Eight Palestinians Killed in Fresh Gaza Strip Offensive

Author: 
Hisham Abu Taha, Arab News
Publication Date: 
Fri, 2006-08-04 03:00

GAZA CITY, 4 August 2006 — Eight Palestinians, including a 12-year-old boy, were killed yesterday in military strikes on Al-Shoka neighborhood of eastern Rafah in southern Gaza as Israel pressed its month-long offensive.

Dr. Ali Moosa, director of Abu Yousef Al-Najar Hospital in Rafah told Arab News that eight civilians were killed and 22 others were wounded, eight in serious condition. Several women were among the wounded. He added that most of the bodies arrived at the hospital burned and cut into pieces.

Anis Abu Awaad, the boy who died, was killed along with three others in an air raid, while a tank shell killed two other Palestinians early yesterday, security officials said.

Another tank shell killed a member of Islamic Jihad, while a 50-year-old man died late in the morning when Israeli soldiers fired in a Rafah neighborhood, hospital and security officials said.

Children continued to be caught by the violence. Two youngsters, Muhamed Abu Hassan, aged 4, and his six-year-old sister Rihem, were wounded late on Wednesday by Israeli tank fire during an incursion in the area of the Dahaniya airport on the outskirts of Rafah, hospital officials said.

The strikes near Rafah were part of Israel’s massive offensive launched in Gaza on June 28, three days after Palestinians killed two soldiers and seized a third in a cross-border raid. The Israeli military says the offensive is aimed at recovering the captured soldier, Cpl. Gilad Shalit, and at stopping Palestinian armed groups from firing rockets into Israel.

The operation is Israel’s first incursion into Gaza after the Jewish state left the strip last year after a 38-year occupation. The number of rockets fired by Palestinians from the strip has decreased significantly, but not halted completely.

On Wednesday, one Israeli was wounded when a rocket fired from Gaza hit Ashkelon, a city of 120,000 residents around eight kilometers (five miles) north of the border.

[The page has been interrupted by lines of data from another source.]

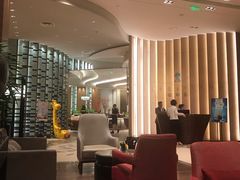 -济南香格里拉·咖啡泉自助餐厅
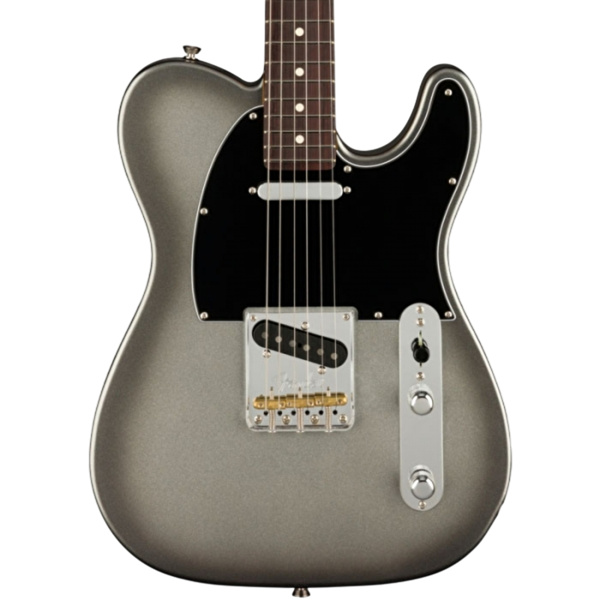 Fender American Professional II Telecaster Mercury Elektro Gitar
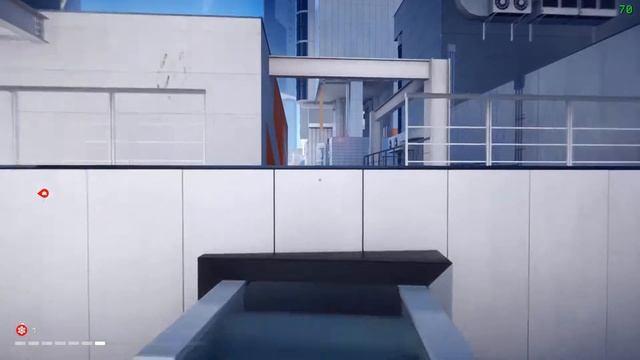 Mirror's Edge Catalyst Setting Comparison R9-390X + FX-8350 смотреть онлайн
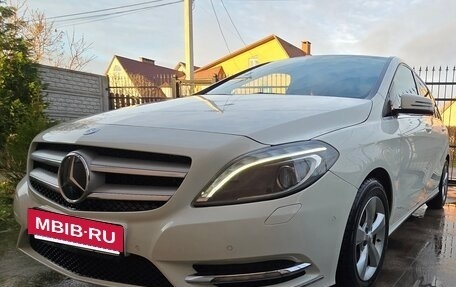 Mercedes-Benz B-Класс, 2012 год, 1 150 000 рублей, 8 фотография
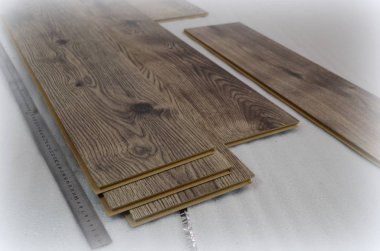 Laminat parke yükleme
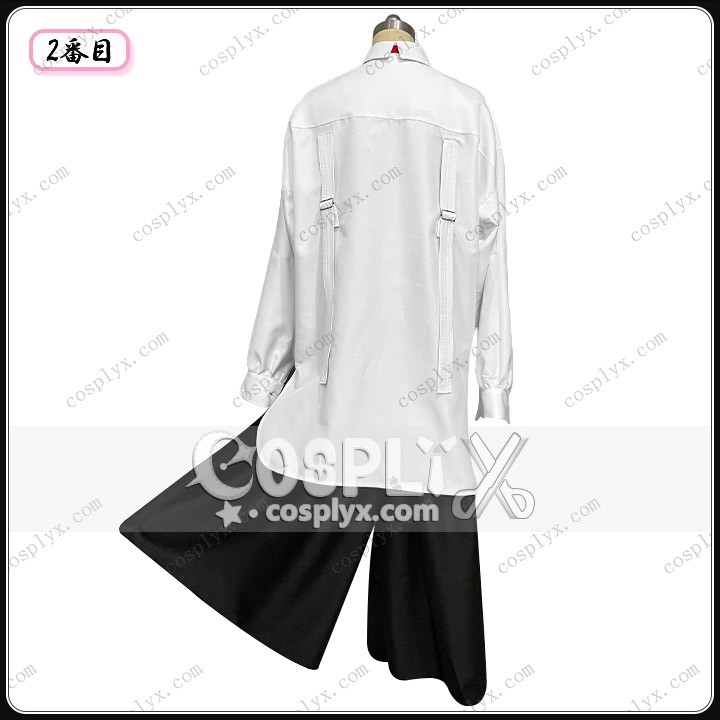 死んだふり MV 衣装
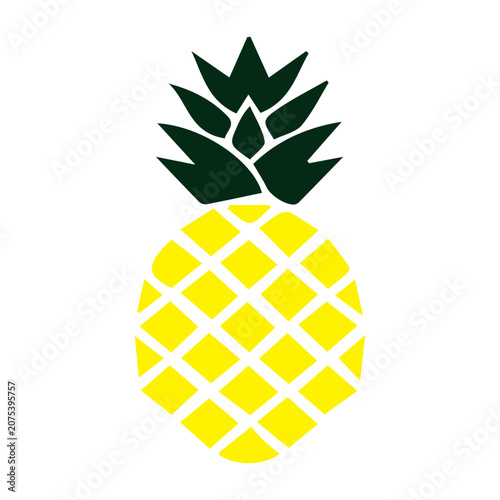 Pineapple Icon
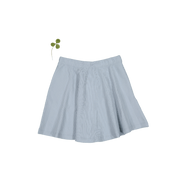 The Skirt -  Blue
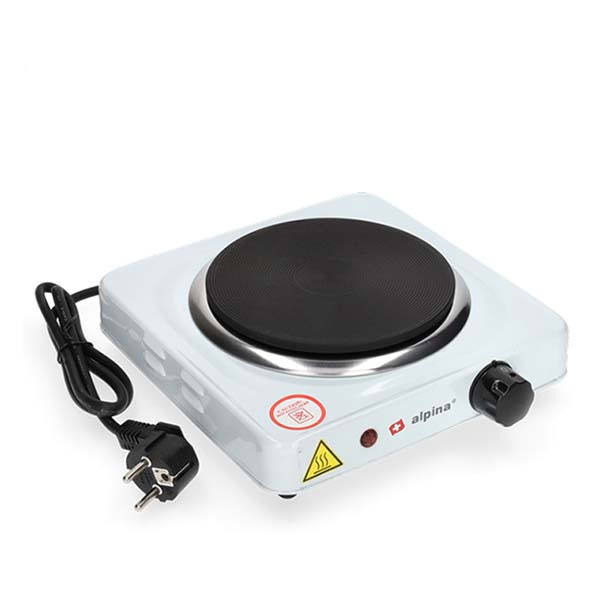 Alpina plaque de cuisson électrique 1 zone K170105178 - 2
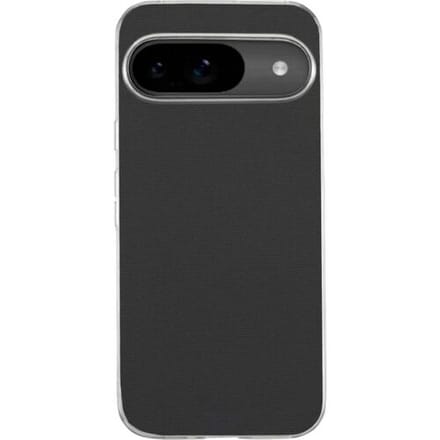 Hama hoesje geschikt voor Pixel 9 Pro - Always Clear - Transparant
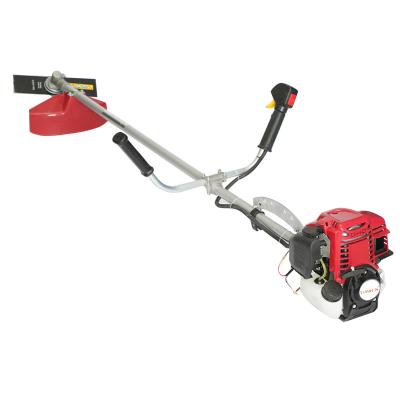 China Building Material Shops 4 Stroke Gasoline Garden Machinery Brush Cutter Grass Cutter GX-35 GX-35 GX-35 Brush Cutter for sale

Meanwhile, a Palestinian human rights group accused the European Union yesterday of contributing to the “strangulation” of the Gaza Strip by keeping its monitors away from the Gaza-Egypt border crossing of Rafah. The crossing has been closed since the June 25 capture of the Israeli soldier.

According to Palestinian Center for Human Rights (PCHR), some 7,000 Palestinians are stranded on the Egyptian side of the border, including about 400 who are staying at the exit terminal on the Egyptian side.

Thousands of Gazans are also unable to travel to Egypt.